Form of financial resources
As is clear from the foregoing, financial capital- this is the share of financial resources of the organization, which is in circulation and brings a certain income. That is, they are advanced and (or) invested resources, aimed at making a profit. The financial capital of an enterprise is the basis on which the organization is created and developed. It is the capital that characterizes the total value of enterprise funds in the non-material and material form and the investments in assets.
In the process of working capital is the guarantorinterests of the organization and the state. Therefore, it is the main object of financial management of the organization, and managers of the financial department are required to monitor the high efficiency of its use.

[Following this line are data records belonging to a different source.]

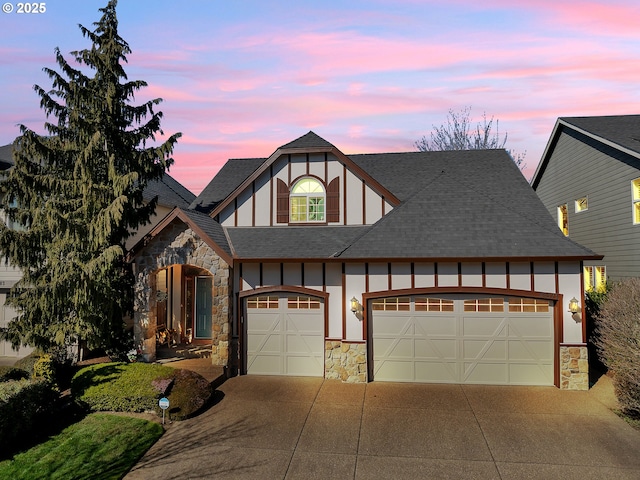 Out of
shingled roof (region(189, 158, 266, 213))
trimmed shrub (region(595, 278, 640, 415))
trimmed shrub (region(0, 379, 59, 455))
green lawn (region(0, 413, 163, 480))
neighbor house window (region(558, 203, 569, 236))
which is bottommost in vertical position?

Signs of financial capital
Financial resources and capital are interrelated. Proceeding from this, several signs of the financial capital of the organization are singled out.
Affiliation
Here capital differs in its own andloan. By own capital, you can judge the total cost of the enterprise's funds (which are subject to the ownership rights of the enterprise). It includes reserve, additional, authorized capital and retained earnings.
Statutory, or stock capital - isThe minimum size of own property, which is a guarantee for creditors. Its size is stipulated in the charter of the organization (the minimum is set at the level of federal legislation).
Additional capital consists of a revaluation amountobjects of tangible property of the enterprise, the useful life of which is more than a year. Also in this capital are gratuitous values received by the firm, amounts earned in excess of the minimum value of placed securities and other monetary amounts falling under this category.
Reserve capital is the accumulation of profit from a deduction of profits for an unforeseen event: possible losses, repurchase of shares, etc. The amount of deductions is regulated by the articles of association.
Financial capital is the profit of an enterprise, which is practically the most basic part of it.
Borrowed capital - cash or other valuables that are raised on a returnable basis to improve the organization’s activities.
Investing
On the basis of investment distinguish circulating and fixed capital.
Part of the capital invested in fixed assets and non-current assets, and is fixed capital. Financial capital includes working capital.
All tangible and intangible assets,Organizations that are part of the financial capital are in constant circulation. On this basis, it is possible to divide it by the form of its location in the next round of turnover. It is a monetary form, productive and commodity.
Money form is an investment. Investments can be both in out-and current assets. In any case, they become productive.
At the production stage, capital changes into the form of a commodity (work, service).
The third and final stage - commodity capital is transformed into monetary capital through the sale of goods (services or works).
In parallel with these movements of capital, its value changes.
Financial Capital Management
This function usually lies with the management department.enterprises and means managing their own financial flows. To do this, the organization must have a long and short-term financial policy. Its main focus should be the attraction and proper distribution of financial flows.
Financial capital management is designed to solve several basic problems.
- Determination of the rationally required amount of equity capital.
- Attracting (if necessary) retained earnings or issuing shares to increase equity.
- Formulation and execution of dividend policy and structure of additional share issue.
The development of financial policy takes place in several stages.